He seemed content to let the topic rest there, but Donna wanted answers. Suddenly emboldened by the fact that he’d responded at all, she dove in head first. “I can feel you,” she blurted without prelude. “Your mind.”

He leaned back on the heels of his palms, his voice heavy; sombre. “I know.” It sounded more like he’d rather he didn’t, though.

“I didn’t know what it was at first,” Donna tried to be casual, meandering about the room on light feet, her back turned to him. “I thought it might be those drugs,” she commented irritably; “but it’s so familiar, and it never goes away. It’s you, isn’t it?”

She turned when he said nothing, and barely caught the end of his nod. There was something more in the gesture, though, and she could sense it, so she went out on a limb.
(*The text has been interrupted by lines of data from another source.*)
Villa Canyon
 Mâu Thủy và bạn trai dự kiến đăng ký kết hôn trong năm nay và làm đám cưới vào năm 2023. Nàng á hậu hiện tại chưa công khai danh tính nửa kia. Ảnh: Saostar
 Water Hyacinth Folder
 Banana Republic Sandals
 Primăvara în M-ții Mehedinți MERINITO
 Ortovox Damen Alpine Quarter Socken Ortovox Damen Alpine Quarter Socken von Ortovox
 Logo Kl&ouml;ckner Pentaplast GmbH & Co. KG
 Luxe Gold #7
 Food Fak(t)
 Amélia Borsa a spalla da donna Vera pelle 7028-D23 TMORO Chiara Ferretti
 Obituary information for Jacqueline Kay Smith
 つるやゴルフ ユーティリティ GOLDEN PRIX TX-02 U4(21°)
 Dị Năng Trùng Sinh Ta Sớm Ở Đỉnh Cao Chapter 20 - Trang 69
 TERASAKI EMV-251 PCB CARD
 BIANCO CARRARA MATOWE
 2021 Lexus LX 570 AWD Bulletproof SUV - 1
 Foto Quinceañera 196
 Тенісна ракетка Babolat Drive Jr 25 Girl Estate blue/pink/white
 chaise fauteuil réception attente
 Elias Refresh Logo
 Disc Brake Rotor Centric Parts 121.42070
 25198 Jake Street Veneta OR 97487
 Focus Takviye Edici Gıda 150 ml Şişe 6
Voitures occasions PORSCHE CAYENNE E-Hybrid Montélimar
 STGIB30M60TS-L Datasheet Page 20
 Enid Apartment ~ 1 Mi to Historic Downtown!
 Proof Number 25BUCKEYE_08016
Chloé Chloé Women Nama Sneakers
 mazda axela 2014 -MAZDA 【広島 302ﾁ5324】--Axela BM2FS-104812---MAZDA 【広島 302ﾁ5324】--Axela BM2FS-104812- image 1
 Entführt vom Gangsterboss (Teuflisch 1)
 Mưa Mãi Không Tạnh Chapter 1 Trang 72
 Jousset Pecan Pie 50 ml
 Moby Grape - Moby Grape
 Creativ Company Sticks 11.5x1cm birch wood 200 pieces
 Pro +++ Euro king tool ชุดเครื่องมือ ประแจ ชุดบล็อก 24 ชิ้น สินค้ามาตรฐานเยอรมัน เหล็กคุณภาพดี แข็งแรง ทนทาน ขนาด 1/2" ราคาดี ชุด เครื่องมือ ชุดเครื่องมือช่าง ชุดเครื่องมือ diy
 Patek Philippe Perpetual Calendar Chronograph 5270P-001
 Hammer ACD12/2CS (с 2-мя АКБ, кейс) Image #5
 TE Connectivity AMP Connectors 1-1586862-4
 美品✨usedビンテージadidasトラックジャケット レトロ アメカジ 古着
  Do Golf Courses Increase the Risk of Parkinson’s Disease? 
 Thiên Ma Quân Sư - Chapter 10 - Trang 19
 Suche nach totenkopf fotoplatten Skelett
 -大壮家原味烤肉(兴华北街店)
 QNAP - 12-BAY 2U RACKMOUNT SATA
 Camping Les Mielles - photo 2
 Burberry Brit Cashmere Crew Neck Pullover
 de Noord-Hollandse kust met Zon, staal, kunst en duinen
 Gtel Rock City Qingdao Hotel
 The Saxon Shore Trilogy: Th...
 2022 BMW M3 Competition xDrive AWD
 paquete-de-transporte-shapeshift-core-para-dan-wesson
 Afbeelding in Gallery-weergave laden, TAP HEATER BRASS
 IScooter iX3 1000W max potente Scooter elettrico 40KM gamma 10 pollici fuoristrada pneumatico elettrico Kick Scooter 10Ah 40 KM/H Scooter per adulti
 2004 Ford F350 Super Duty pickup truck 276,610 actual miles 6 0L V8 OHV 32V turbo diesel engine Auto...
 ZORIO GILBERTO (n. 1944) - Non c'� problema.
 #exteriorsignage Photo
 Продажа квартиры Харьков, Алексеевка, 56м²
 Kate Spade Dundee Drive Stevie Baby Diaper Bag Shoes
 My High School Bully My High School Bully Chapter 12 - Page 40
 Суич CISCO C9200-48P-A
“You can feel me, too?” she guessed, grasping at straws.

He barely even sounded like himself as he muttered; “Yes.”

She forced a laugh, her lungs sore and her hearts stumbling frantically (both of them, damnit, and that’s not yet pleasant) as she tried to fight off the sense of rejection at his mixed signals, his lukewarm response. “Do I drive you mad?”

He turned to her, and he was changed in an instant - he was the force of nature that stopped wars and broke wills; the Oncoming Storm arriving in a crash of thunder as his eyes flashed and he seemed to make all of time and space stand perfectly still ’“No,” he breathed, and she could feel it, so close. “No...” he trailed off, and she wandered over to him just as twin tears escaped his eyes to run down his cheeks unchecked, his voice cracking and soft as he managed to finish the thought; “It’s beautiful.”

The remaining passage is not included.